# [Task goal]
From the listing below, copy only the lines running from the line that contains "Black detachable handlebar" to the line that contains "Detalle de la", both included.
*** Dataset Section Begins ***
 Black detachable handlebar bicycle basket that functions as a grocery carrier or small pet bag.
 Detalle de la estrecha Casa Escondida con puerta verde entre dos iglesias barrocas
*** Dataset Section Ends ***
*** Dataset Section Begins ***
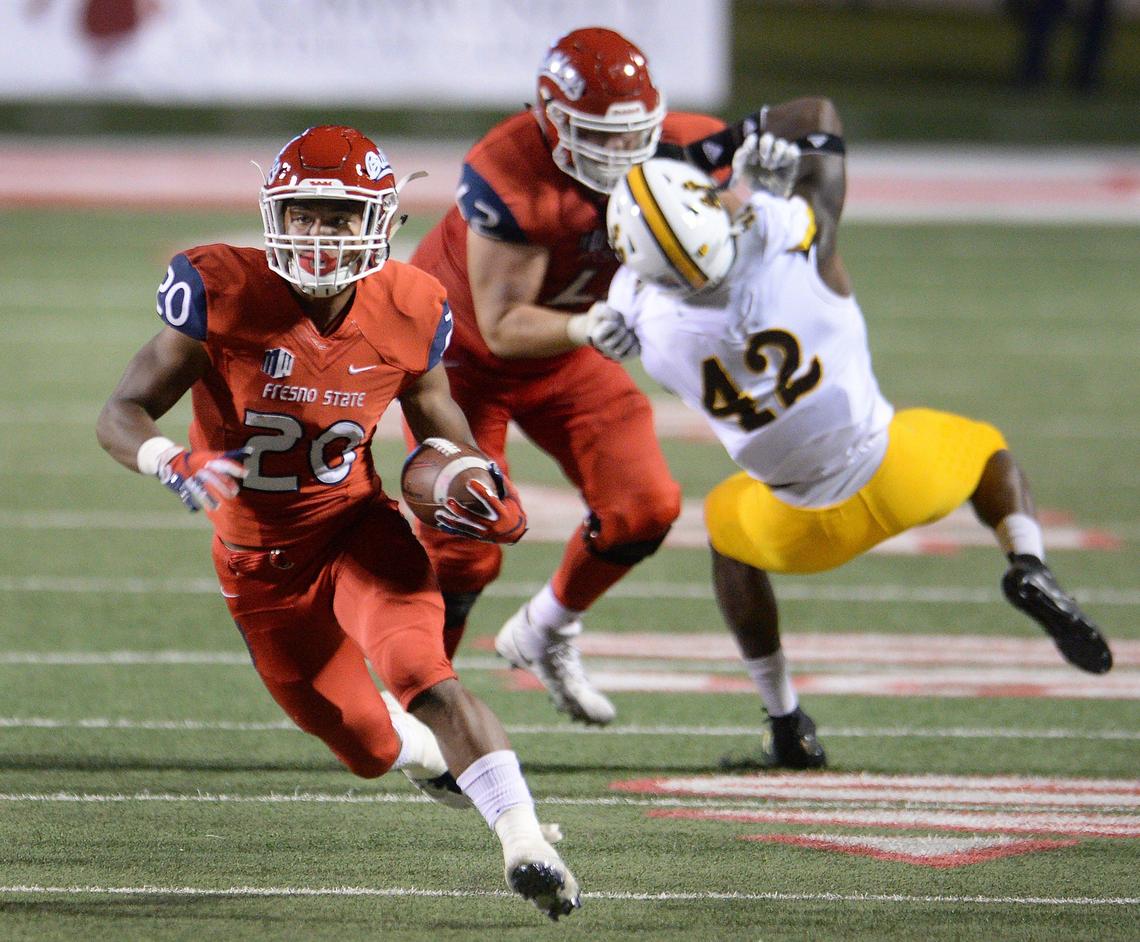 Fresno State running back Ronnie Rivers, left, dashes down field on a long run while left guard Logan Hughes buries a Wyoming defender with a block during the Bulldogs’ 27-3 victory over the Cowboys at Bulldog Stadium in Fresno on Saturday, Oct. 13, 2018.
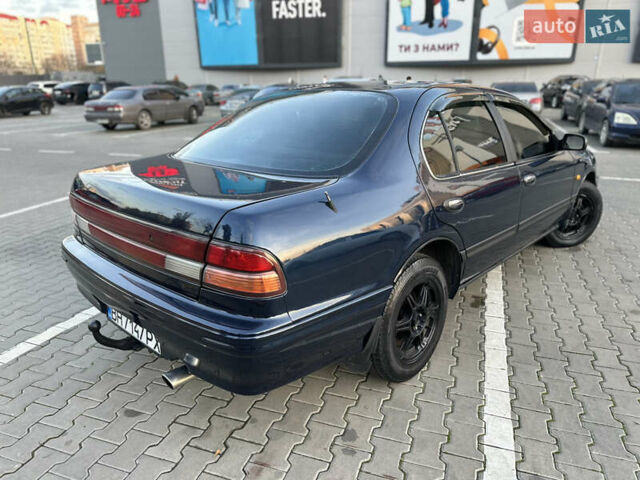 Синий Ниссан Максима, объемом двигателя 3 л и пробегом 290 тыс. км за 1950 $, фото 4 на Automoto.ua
*** Dataset Section Ends ***
*** Dataset Section Begins ***
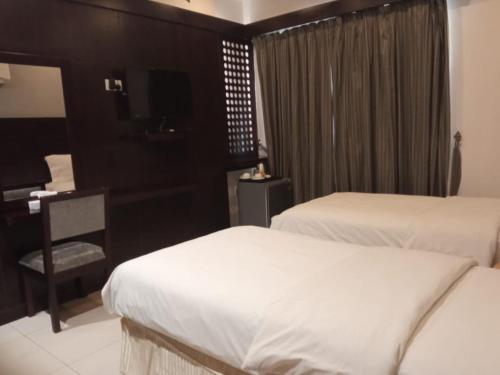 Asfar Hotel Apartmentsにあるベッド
*** Dataset Section Ends ***
# [Written response]
 Black detachable handlebar bicycle basket that functions as a grocery carrier or small pet bag.
 Detalle de la estrecha Casa Escondida con puerta verde entre dos iglesias barrocas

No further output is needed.